We note the following points: (a) The output is the negative integral of the sum of the inputs. (b) Some inputs can have a built-in gain of 10, for example. (c) The value of IC is also changed in sign at the output. The quantity RC is known as the time constant of the integrator, and is usually chosen to have a value of 1 second (so that the factor 1/RC can be omitted from the above equation). Note that, while a traditional analogue computer inverts the outputs of summers and integrators, the potentiometers are essentially positive. In the component diagram (left section of Fig. 2) the feedback capacitor has to be connected by a switch to a potentiometer that sets the IC. The switch is closed during the IC-setting phase, and opened at "time zero" when the computation begins. When several integrators are present, they must all enter the computation phase together, which means using a multipole switch in which all the contacts open at precisely the same time. This switch is likely to cost more than the integrator itself.
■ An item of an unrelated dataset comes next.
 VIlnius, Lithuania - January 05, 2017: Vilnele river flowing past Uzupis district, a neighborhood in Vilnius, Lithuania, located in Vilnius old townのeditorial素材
In the simulated computer, all the inputs have a gain of +1, rather than –1, and a value of >1 can be given to a potentiometer, so that a 10× input is not required. Similarly, the initial condition sets the initial value of the output voltage, without any change of sign.
The multiplication of analogue voltages is quite difficult to achieve with any degree of accuracy, so that multipliers are often regarded as an "optional extra" on a real analogue computer. To get an idea of how complicated analogue multiplication can be, we consider two types of multipliers.
In the "Mark-Space" multiplier, one of the inputs controls a pulse generator running at a high frequency (several kilohertz at least). When this input is at its maximum (one machine unit), then the pulse is permanently "high", and when the input is zero, the pulse is permanently "low". For intermediate values, the length of the "high" phase of the pulse is proportional to the input. For example, if the frequency is 10 kHz and the first input voltage is 0.6 machine units, then the pulse will be high for 60 ms and low for 40 ms. It can be seen that the time-averaged voltage at the output of the pulse generator is equal to the input signal. The other input signal is used to control (by "clipping") the amplitude of the output pulses. Therefore, when the average is obtained by passing the output through a low-pass filter, the value obtained will be the product of the two inputs. This works when both the inputs are positive. To cover all possible cases (a "four quadrant multiplier") is another story. In addition there is a small unavoidable time-delay due to the low-pass filter.
In the "Quarter-Squares" multiplier, the two inputs, say A and B, are combined using summers to produce new signals (A + B) and (A – B). By means of inverters and diodes, the moduli (i.e. absolute values) of these two signals, |A + B| and |A – B|, are found. These then pass into "squaring" circuits. These are special cases of a more general circuit known as a function generator. If we consider a resistor as a simple function generator, and apply a voltage V as an input, then the output can be considered to be the current flowing, I = V/R. This is a simple linear relationship. If the resistor is replaced by a diode, then a non-linear relationship is found – more like an exponential curve. By means of a network of resistors and diodes, we can generate a relationship as near as we like to a quadratic one: I = const.V2, which is the required squaring circuit. Now by applying the signals |A + B| and |A – B| to two separate squaring circuits, and subtracting the outputs, we get a signal proportional to (A + B)2 – (A – B)2 = 4AB. Dividing by 4 gives AB, which is why it gets the name "quarter-squares". This multiplier, thanks to the inclusion of the "modulus" step, works in all four quadrants (i.e. with A positive or negative and B positive or negative).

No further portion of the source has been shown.